● EXERCISE OBJECTIVE
Your output should be everything below from the line containing "Raspberry Lime Seltzer" down to the line containing "Cartoon Valley Scene", both ends included, copied exactly, with pictures left out.

● EXERCISE INPUT
----------
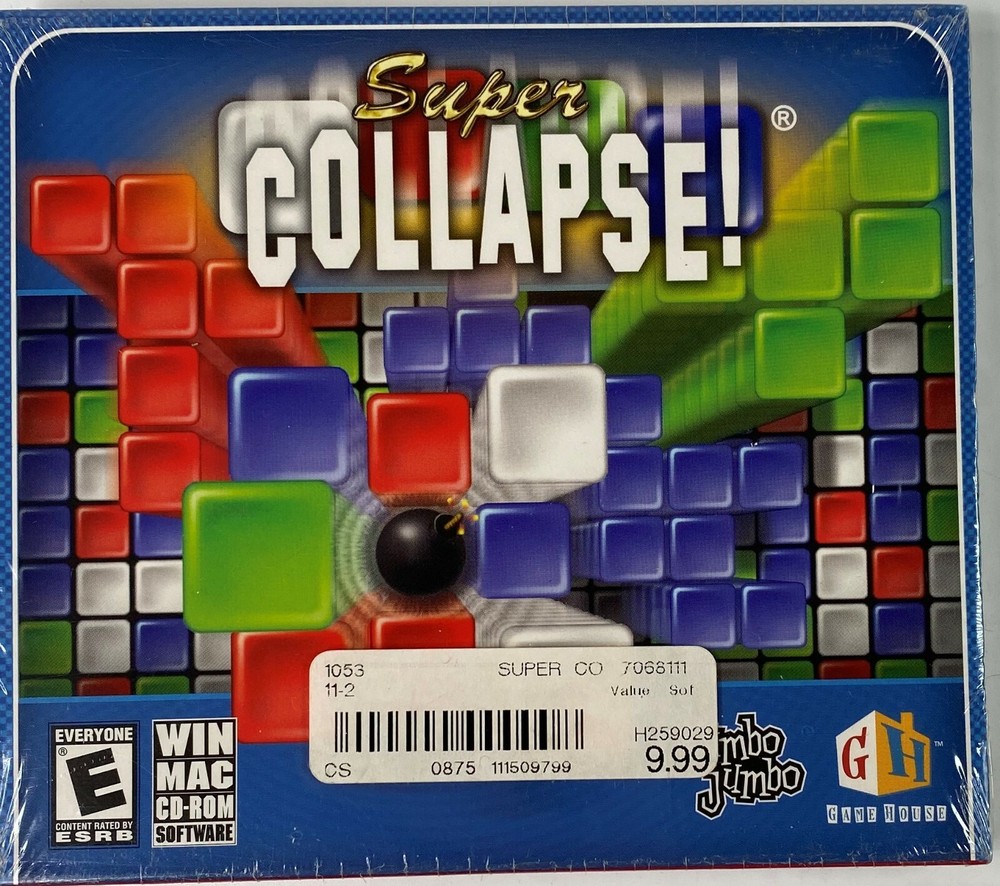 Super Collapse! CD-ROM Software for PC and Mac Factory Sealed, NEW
----------
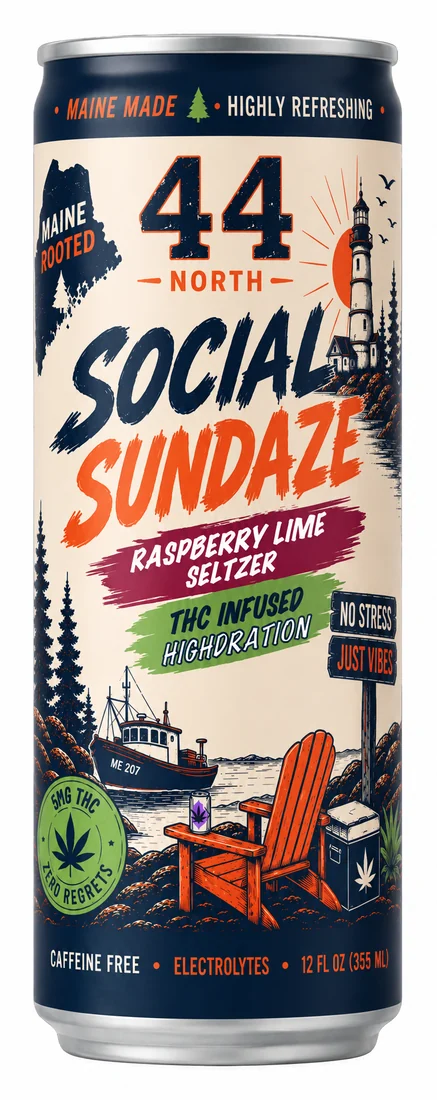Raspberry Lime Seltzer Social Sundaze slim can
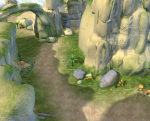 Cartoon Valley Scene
----------
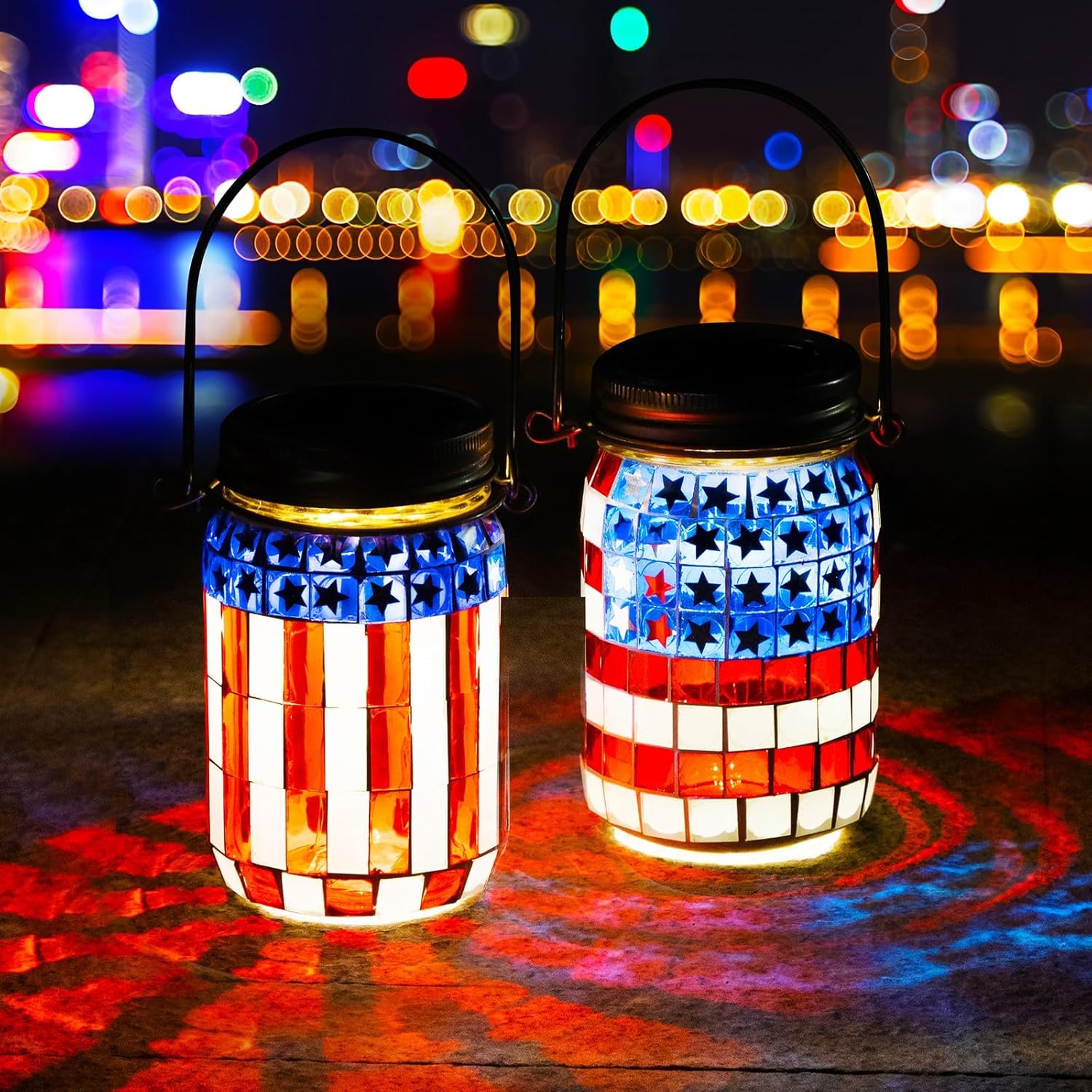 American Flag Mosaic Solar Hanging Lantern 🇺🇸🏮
----------
● SOLUTION FOR THIS EXERCISE
Raspberry Lime Seltzer Social Sundaze slim can
 Cartoon Valley Scene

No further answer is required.